Keşişlerin anlattıklarına göre Osmanlı kadıları buraya hürmet gösterdiler, saydılar ve korudular ve hiçbir şikayetleri olmadı. Halbuki komünistler ve Naziler bazı haksızlıklara yol açtı.
Osmanlı döneminde herkes memnundu hayatından. Maalesef kadınlar Aynoroz gelemiyor, burada Meryem Ana’ya çok büyük itibar gösteriliyor, bu nedenle kural olarak burası kurulduğundan beri Meryem Ana’dan başka bir kadının giremeyeceğine inanılıyor.

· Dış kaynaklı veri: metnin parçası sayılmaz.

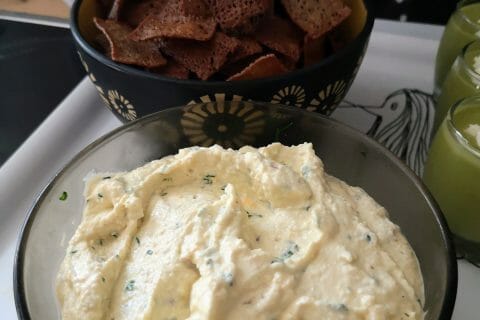 Cliquez pour zoomer ! Tartinade d’oeufs durs Thermomix par Babou 🐒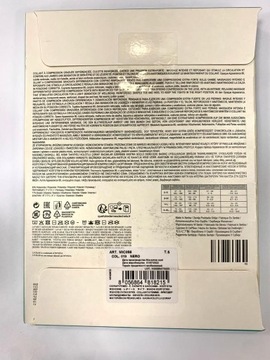 Calzedonia WELLNESS 140 rajstopy uciskowe kompresyjne 18-21 mmHg czerń XL/5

Bu kural o gün bugündür uygulanmakta.” Patrik Bartholomeos, Türkiye’den bölgeyi görmek isteyen erkek ziyaretçi adayları olursa özel izin verebileceğini de sözlerine ekledi.
Notlar
- Keşişler kahvaltılarını sabaha karşı 04.00 sularında yapıyor. Günün büyük bölümü ibadet, dua ve ayinlerle geçiyor.
- Bazı manastırlarda Bizans saati ve takvimi kullanılıyor.
- Keşişler 3’er kişilik küçük ahşap evlerde yaşıyor. Bazıları ise “hücre” olarak tanımlanan mekanlarda tek başına kalıyor. Hayatlarını Tanrı’ya ve ibadete ayıran keşişler için dünyevi zevklerden uzak olmak bir zorunluluk.